Set down, exactly as they stand, the lines from the one containing "大美丽日常的一天,逛街买衣服,单位喝茶,晚上妹妹家蹭饭,开心" through the last line of the records below, leaving every picture out.

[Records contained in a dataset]

☆ ☆ ☆ ☆ ☆ ☆ ☆

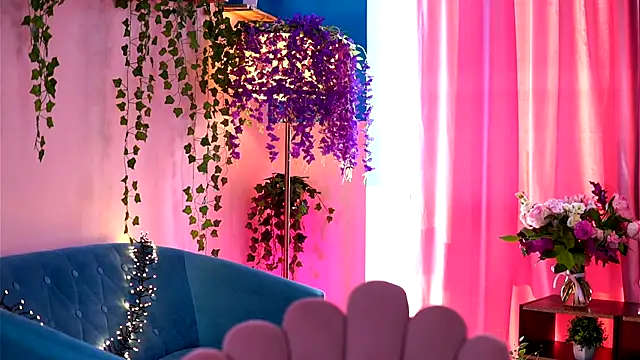 TheAyana online show from October 19, 2025, 9:34 am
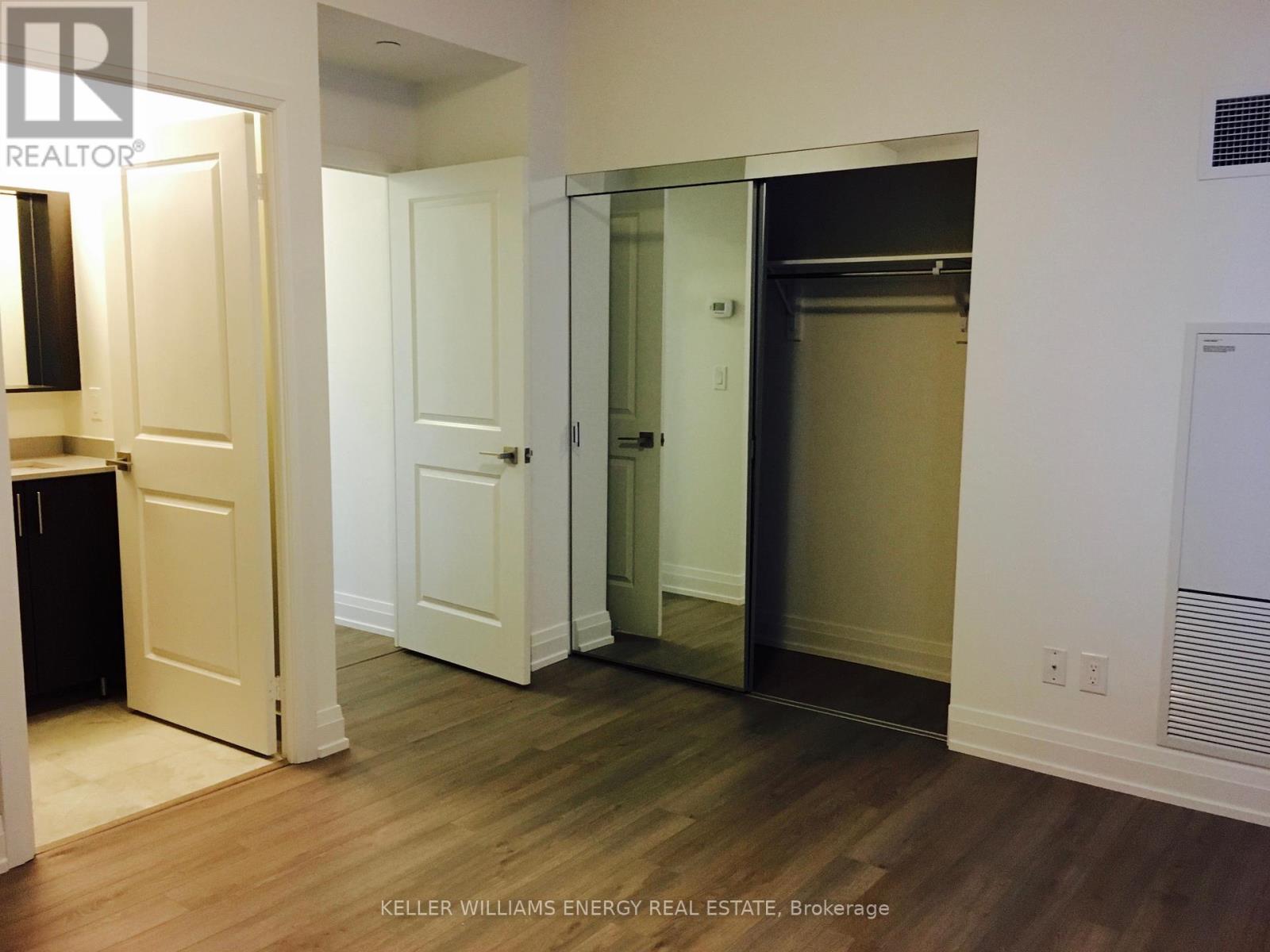 Photo 4 of 2611 3700 Highway 7 Highway, Vaughan ON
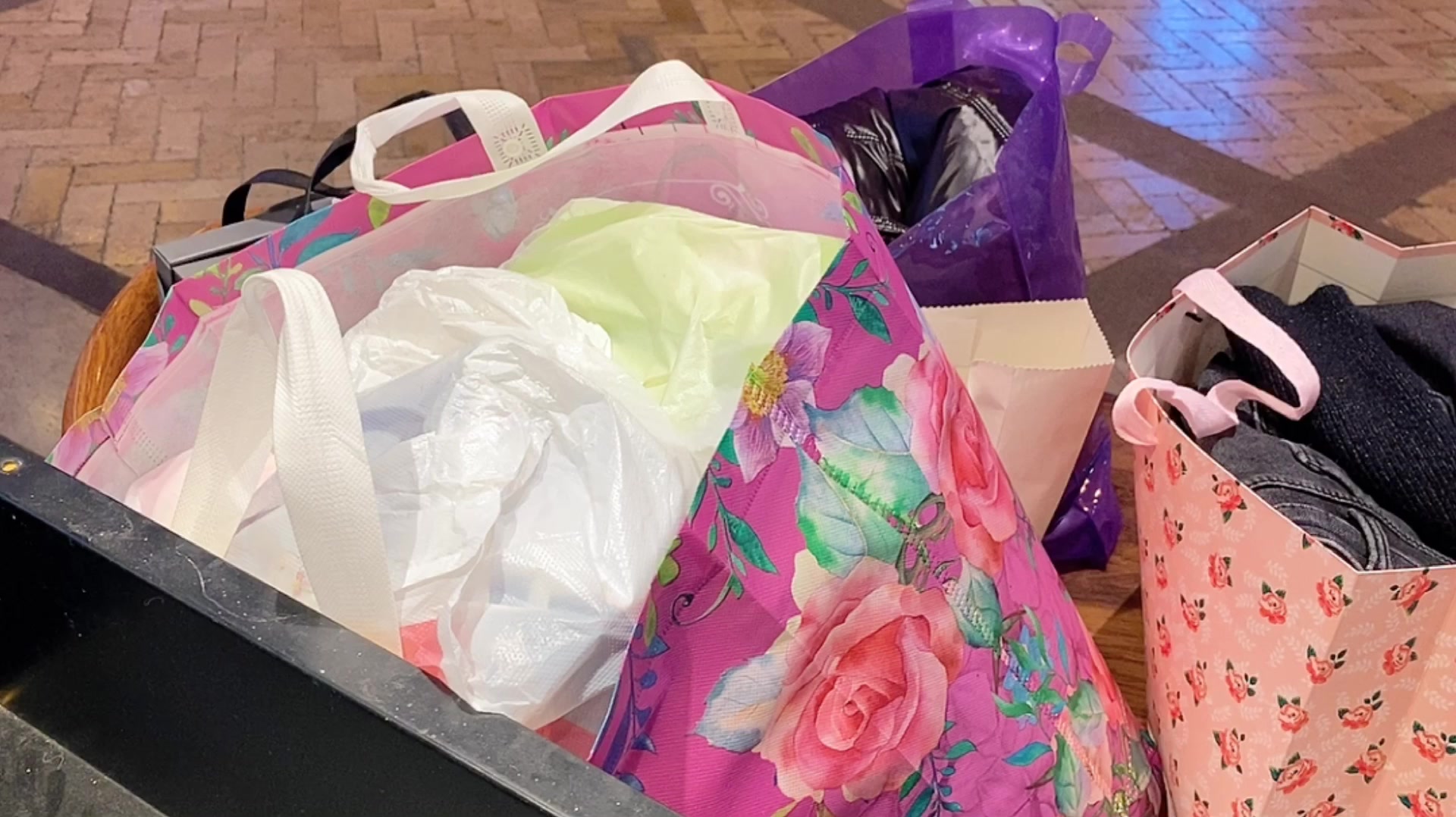 大美丽日常的一天,逛街买衣服,单位喝茶,晚上妹妹家蹭饭,开心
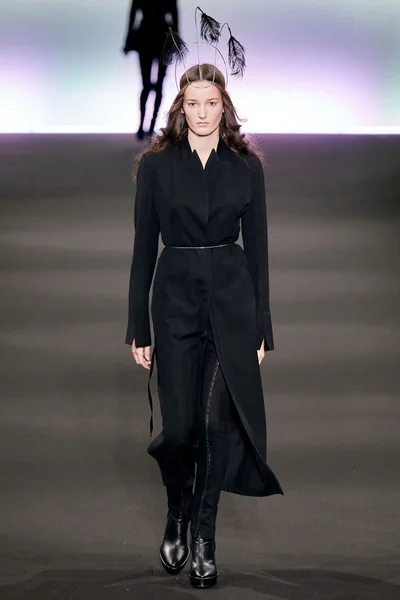 Look 2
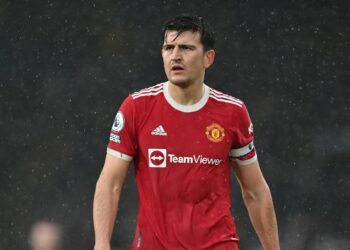 HARRY Maguire menjaringkan gol sendiri ketika Manchester United diikat 2-2 oleh Sevilla.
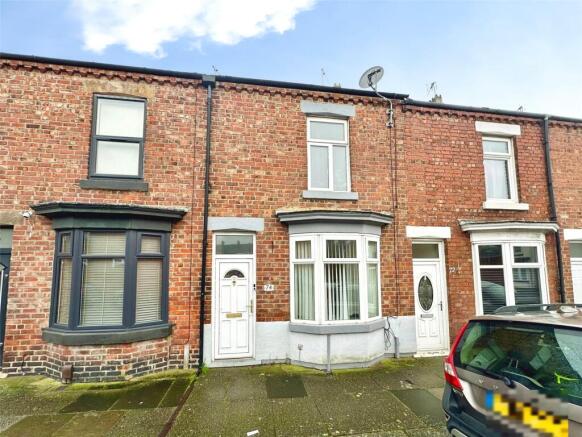2 bed property, in Fairfield Street, £75,000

☆ ☆ ☆ ☆ ☆ ☆ ☆

> **Response**:
 大美丽日常的一天,逛街买衣服,单位喝茶,晚上妹妹家蹭饭,开心
 Look 2
 HARRY Maguire menjaringkan gol sendiri ketika Manchester United diikat 2-2 oleh Sevilla.
2 bed property, in Fairfield Street, £75,000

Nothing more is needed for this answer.